It is contended that in cases coming under this clause, the
Court of Claims may award all damages which the Secretary of the
Interior has, or might have, given to the petitioner. Conceding for
the purpose of the argument that this contention is justified, we
cannot see that therefrom any new measure of liability is
established, or at least none that will avail this petitioner. The
Act of March 3, 1885, 23 Stat. 376, c. 341, which provided for the
investigation by the Interior Department of claims on account of
Indian depredations, and under which it is alleged that the
Secretary acted in making his award, authorized the Secretary "to
determine the kind and value of all property damaged or destroyed
by reason of the depredations aforesaid." The contention is that
the terms "damaged or destroyed" enlarge the scope of the liability
assumed by the government.
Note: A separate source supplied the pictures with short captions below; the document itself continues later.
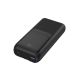 4. GEMBIRD POWERBANK O POJEMNOŚCI 20000MAH, SZYBKIE ŁADOWANIE 20W, WYŚWIETLACZ LCD, ZINTEGROWANE KABLE KOLOR CZARNY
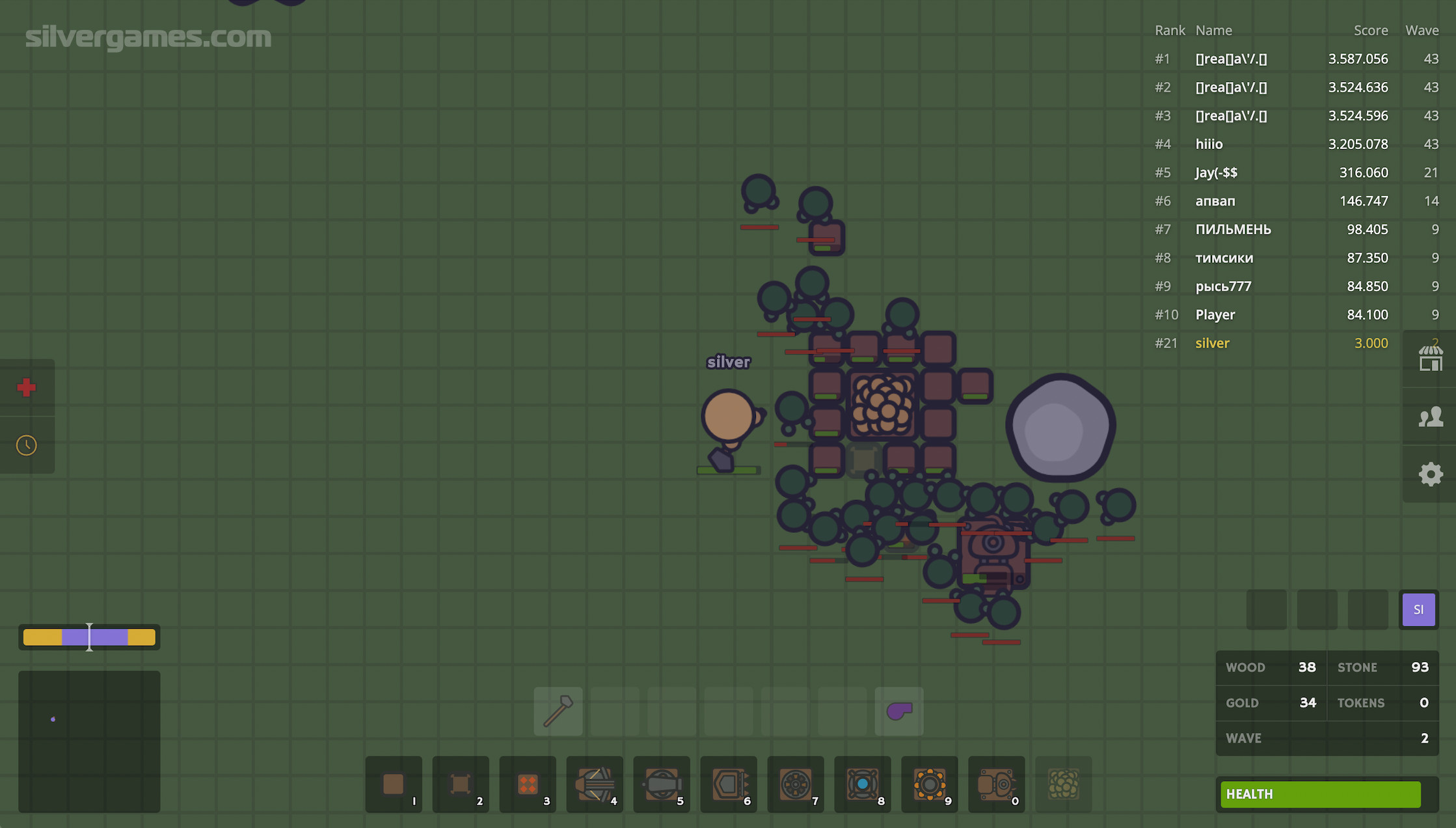 Best 2 Player base ever?, zombs.io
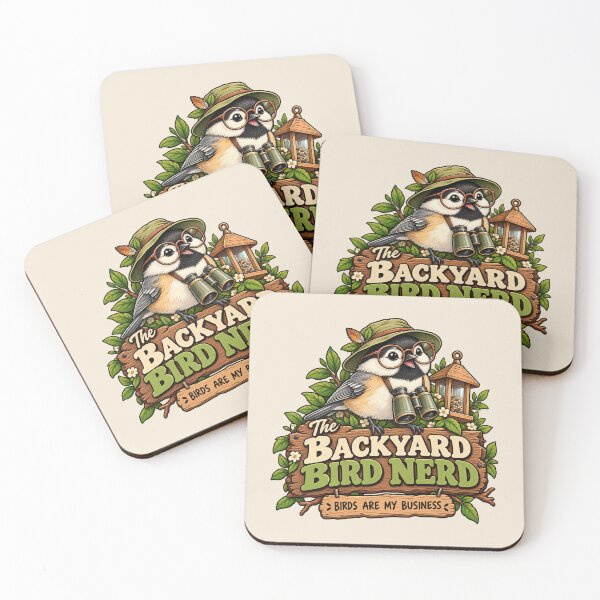 Item preview, The Backyard Bird Nerd – Funny Birdwatcher Design designed and sold by DIB Designs – Express Your Style.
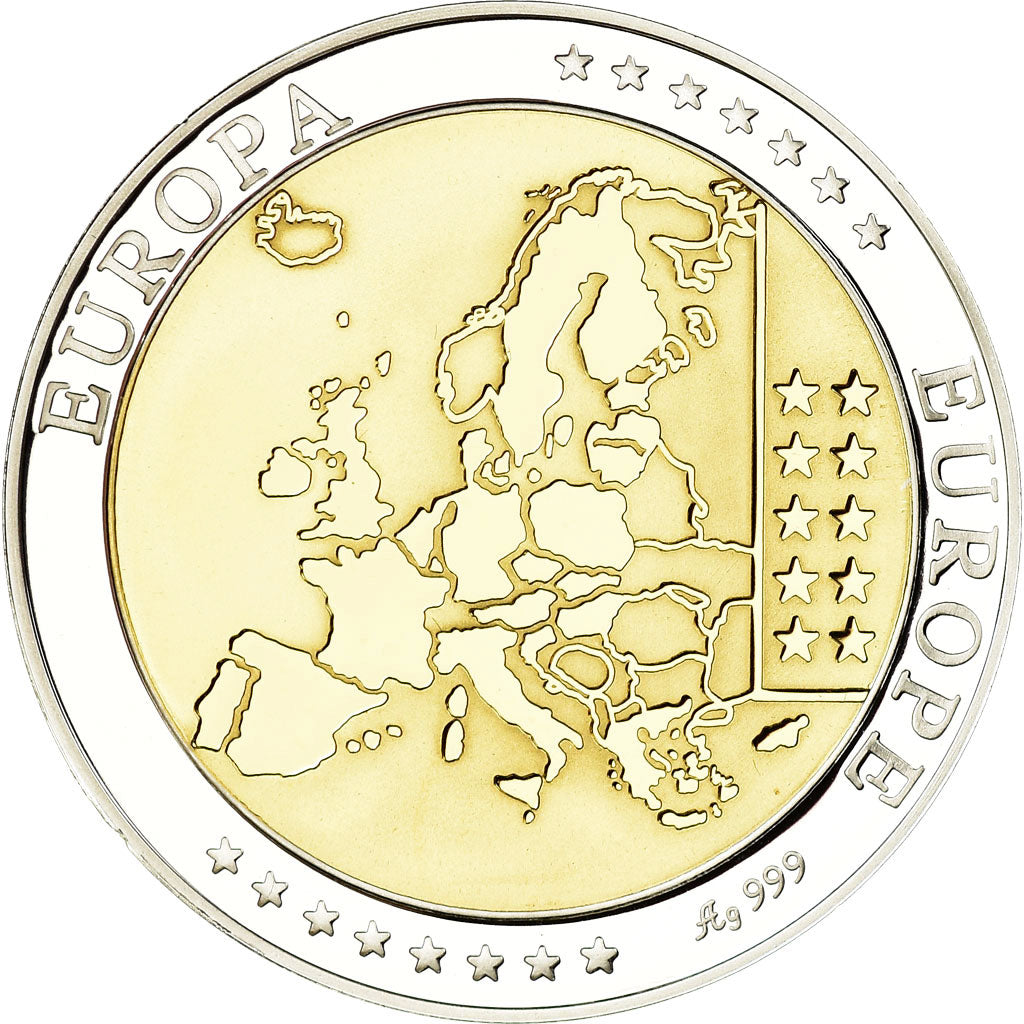 Netherlands, Medal, Euro, Europa, MS(65-70), Silver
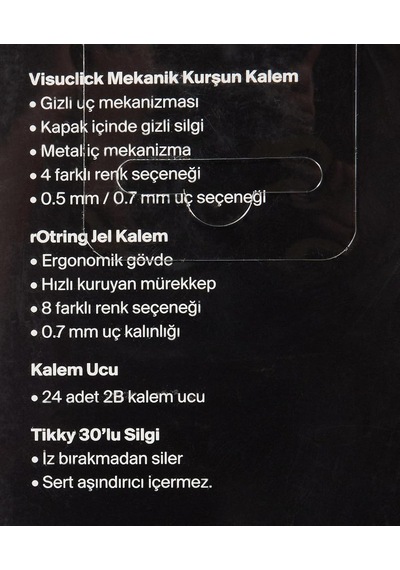 Ayrex Visuclick Jel Okul Seti 0,7 Mm - Mavi Genel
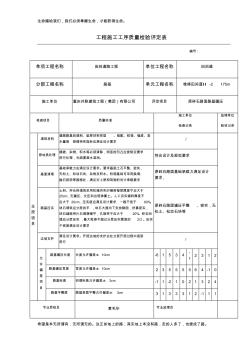工序質(zhì)量檢驗(yàn)評(píng)定表 (3)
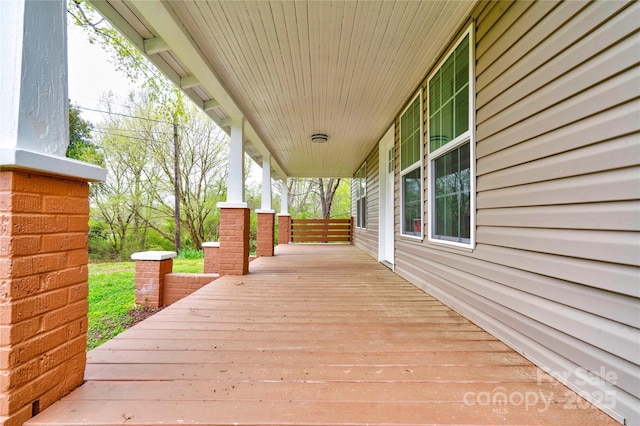 210 Moriah School Rd, Casar, NC 28020 - wooden terrace with a porch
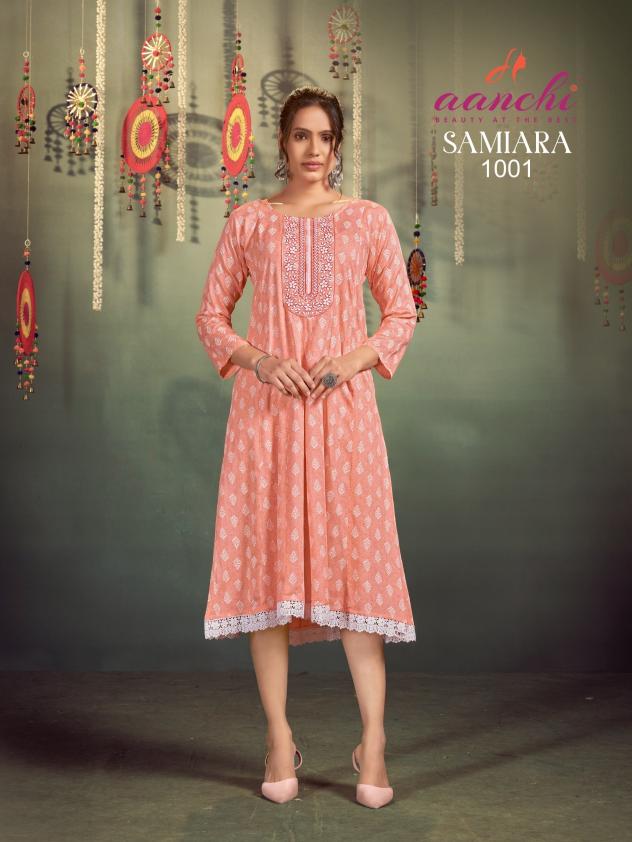 Aanchi SAMIARA KURTI wholesale catalog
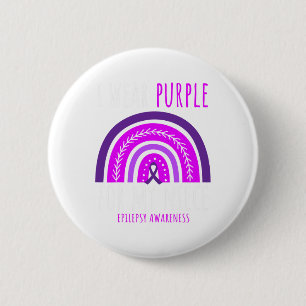 Aunt Uncle I Wear Purple For My Niece Epilepsy Awa 2 Inch Round Button
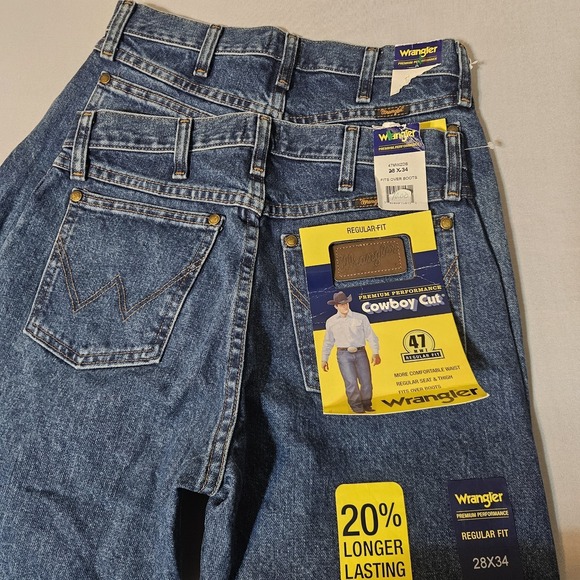 Wrangler Other - Wrangler 47MWZ Premium Performance Cowboy Cut LOT OF 2  Regular Fit Jeans 28x34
We are unable to perceive that this is
of any significance in this case. The property left in the
possession of the petitioner was neither damaged nor destroyed by
the action of the Indians in taking away the other property. Its
inherent intrinsic value was in no manner disturbed. The damages
were not to the property, considered as property, but simply
consequential from the wrong done, and consisted solely in the fact
that the petitioner, wronged by the taking away of certain
property, was unable to realize the real value of property not
taken, damaged, or destroyed. Nothing was done by the Indians to
disturb the intrinsic value of the property left in possession of
the petitioner. It remained his, with full right of control and
disposition, in no manner
Page 174 U. S. 379
marred or changed in value, and the sum of the injury results
only from the fact that he could not remove it to a suitable
market. The property, in itself considered, was neither taken,
damaged, nor destroyed. The only result was that his ability to
make use of that value was taken away because his means of
transportation were destroyed. The damages were therefore
consequential, and not to the property itself. We do not perceive
how, under the statute, the liability of the govern ment was
enlarged by this fact.
The judgment of the Court of Claims is therefore
Affirmed.
MR. JUSTICE WHITE, MR. JUSTICE PECKHAM, and MR. JUSTICE McKENNA
dissented.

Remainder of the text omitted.